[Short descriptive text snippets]
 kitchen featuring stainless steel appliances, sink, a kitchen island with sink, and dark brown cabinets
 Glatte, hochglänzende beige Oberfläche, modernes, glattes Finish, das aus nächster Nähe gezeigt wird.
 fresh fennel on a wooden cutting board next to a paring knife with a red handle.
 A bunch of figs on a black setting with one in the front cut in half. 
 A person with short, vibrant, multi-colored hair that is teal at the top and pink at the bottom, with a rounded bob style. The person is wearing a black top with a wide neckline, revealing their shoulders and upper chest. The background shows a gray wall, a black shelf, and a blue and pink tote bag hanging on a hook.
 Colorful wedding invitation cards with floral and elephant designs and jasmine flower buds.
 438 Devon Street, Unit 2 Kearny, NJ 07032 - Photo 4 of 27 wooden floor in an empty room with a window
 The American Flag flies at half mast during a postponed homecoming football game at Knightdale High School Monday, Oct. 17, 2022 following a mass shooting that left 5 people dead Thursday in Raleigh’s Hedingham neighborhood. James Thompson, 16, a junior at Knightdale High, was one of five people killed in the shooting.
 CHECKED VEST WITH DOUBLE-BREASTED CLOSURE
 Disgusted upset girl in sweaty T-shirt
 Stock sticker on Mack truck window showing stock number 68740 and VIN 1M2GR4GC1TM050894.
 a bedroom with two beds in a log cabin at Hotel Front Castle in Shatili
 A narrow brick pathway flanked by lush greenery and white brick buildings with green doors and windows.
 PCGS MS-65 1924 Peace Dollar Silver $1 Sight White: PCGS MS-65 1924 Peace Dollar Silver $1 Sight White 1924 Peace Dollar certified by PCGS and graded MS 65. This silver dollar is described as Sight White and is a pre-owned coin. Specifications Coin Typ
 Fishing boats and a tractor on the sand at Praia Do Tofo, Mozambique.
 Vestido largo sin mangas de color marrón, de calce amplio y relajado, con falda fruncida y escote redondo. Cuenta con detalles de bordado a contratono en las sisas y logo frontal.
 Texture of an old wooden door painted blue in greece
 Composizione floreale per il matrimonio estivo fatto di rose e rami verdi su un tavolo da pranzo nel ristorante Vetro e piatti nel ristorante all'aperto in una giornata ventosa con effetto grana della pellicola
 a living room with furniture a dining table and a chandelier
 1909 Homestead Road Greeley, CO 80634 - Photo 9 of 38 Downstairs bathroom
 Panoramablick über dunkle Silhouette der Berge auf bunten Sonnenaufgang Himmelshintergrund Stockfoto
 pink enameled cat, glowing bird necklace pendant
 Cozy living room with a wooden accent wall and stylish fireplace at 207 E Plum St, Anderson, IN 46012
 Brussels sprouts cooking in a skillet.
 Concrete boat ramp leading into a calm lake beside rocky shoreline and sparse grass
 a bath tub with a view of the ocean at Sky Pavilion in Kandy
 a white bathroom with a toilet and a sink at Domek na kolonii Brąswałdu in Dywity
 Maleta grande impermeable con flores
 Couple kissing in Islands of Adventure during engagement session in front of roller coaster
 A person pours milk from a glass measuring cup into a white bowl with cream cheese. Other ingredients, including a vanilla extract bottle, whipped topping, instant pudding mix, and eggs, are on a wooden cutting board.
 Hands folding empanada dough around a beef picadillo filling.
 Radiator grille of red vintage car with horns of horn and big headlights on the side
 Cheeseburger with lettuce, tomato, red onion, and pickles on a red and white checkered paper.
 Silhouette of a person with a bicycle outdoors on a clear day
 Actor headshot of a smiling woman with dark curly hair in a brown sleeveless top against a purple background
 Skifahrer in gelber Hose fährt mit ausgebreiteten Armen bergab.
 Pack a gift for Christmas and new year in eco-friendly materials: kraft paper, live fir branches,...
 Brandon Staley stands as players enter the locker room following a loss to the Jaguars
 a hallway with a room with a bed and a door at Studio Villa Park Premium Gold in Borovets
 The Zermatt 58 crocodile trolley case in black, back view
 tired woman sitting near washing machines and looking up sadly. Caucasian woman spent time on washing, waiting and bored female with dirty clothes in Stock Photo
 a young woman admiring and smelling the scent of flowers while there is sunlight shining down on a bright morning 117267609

- _PROBLEM TO SOLVE_
Retype the records in full. Keep every line identical to the original.

- _EXERCISE OUTPUT_
 kitchen featuring stainless steel appliances, sink, a kitchen island with sink, and dark brown cabinets
 Glatte, hochglänzende beige Oberfläche, modernes, glattes Finish, das aus nächster Nähe gezeigt wird.
 fresh fennel on a wooden cutting board next to a paring knife with a red handle.
 A bunch of figs on a black setting with one in the front cut in half. 
 A person with short, vibrant, multi-colored hair that is teal at the top and pink at the bottom, with a rounded bob style. The person is wearing a black top with a wide neckline, revealing their shoulders and upper chest. The background shows a gray wall, a black shelf, and a blue and pink tote bag hanging on a hook.
 Colorful wedding invitation cards with floral and elephant designs and jasmine flower buds.
 438 Devon Street, Unit 2 Kearny, NJ 07032 - Photo 4 of 27 wooden floor in an empty room with a window
 The American Flag flies at half mast during a postponed homecoming football game at Knightdale High School Monday, Oct. 17, 2022 following a mass shooting that left 5 people dead Thursday in Raleigh’s Hedingham neighborhood. James Thompson, 16, a junior at Knightdale High, was one of five people killed in the shooting.
 CHECKED VEST WITH DOUBLE-BREASTED CLOSURE
 Disgusted upset girl in sweaty T-shirt
 Stock sticker on Mack truck window showing stock number 68740 and VIN 1M2GR4GC1TM050894.
 a bedroom with two beds in a log cabin at Hotel Front Castle in Shatili
 A narrow brick pathway flanked by lush greenery and white brick buildings with green doors and windows.
 PCGS MS-65 1924 Peace Dollar Silver $1 Sight White: PCGS MS-65 1924 Peace Dollar Silver $1 Sight White 1924 Peace Dollar certified by PCGS and graded MS 65. This silver dollar is described as Sight White and is a pre-owned coin. Specifications Coin Typ
 Fishing boats and a tractor on the sand at Praia Do Tofo, Mozambique.
 Vestido largo sin mangas de color marrón, de calce amplio y relajado, con falda fruncida y escote redondo. Cuenta con detalles de bordado a contratono en las sisas y logo frontal.
 Texture of an old wooden door painted blue in greece
 Composizione floreale per il matrimonio estivo fatto di rose e rami verdi su un tavolo da pranzo nel ristorante Vetro e piatti nel ristorante all'aperto in una giornata ventosa con effetto grana della pellicola
 a living room with furniture a dining table and a chandelier
 1909 Homestead Road Greeley, CO 80634 - Photo 9 of 38 Downstairs bathroom
 Panoramablick über dunkle Silhouette der Berge auf bunten Sonnenaufgang Himmelshintergrund Stockfoto
 pink enameled cat, glowing bird necklace pendant
 Cozy living room with a wooden accent wall and stylish fireplace at 207 E Plum St, Anderson, IN 46012
 Brussels sprouts cooking in a skillet.
 Concrete boat ramp leading into a calm lake beside rocky shoreline and sparse grass
 a bath tub with a view of the ocean at Sky Pavilion in Kandy
 a white bathroom with a toilet and a sink at Domek na kolonii Brąswałdu in Dywity
 Maleta grande impermeable con flores
 Couple kissing in Islands of Adventure during engagement session in front of roller coaster
 A person pours milk from a glass measuring cup into a white bowl with cream cheese. Other ingredients, including a vanilla extract bottle, whipped topping, instant pudding mix, and eggs, are on a wooden cutting board.
 Hands folding empanada dough around a beef picadillo filling.
 Radiator grille of red vintage car with horns of horn and big headlights on the side
 Cheeseburger with lettuce, tomato, red onion, and pickles on a red and white checkered paper.
 Silhouette of a person with a bicycle outdoors on a clear day
 Actor headshot of a smiling woman with dark curly hair in a brown sleeveless top against a purple background
 Skifahrer in gelber Hose fährt mit ausgebreiteten Armen bergab.
 Pack a gift for Christmas and new year in eco-friendly materials: kraft paper, live fir branches,...
 Brandon Staley stands as players enter the locker room following a loss to the Jaguars
 a hallway with a room with a bed and a door at Studio Villa Park Premium Gold in Borovets
 The Zermatt 58 crocodile trolley case in black, back view
 tired woman sitting near washing machines and looking up sadly. Caucasian woman spent time on washing, waiting and bored female with dirty clothes in Stock Photo
 a young woman admiring and smelling the scent of flowers while there is sunlight shining down on a bright morning 117267609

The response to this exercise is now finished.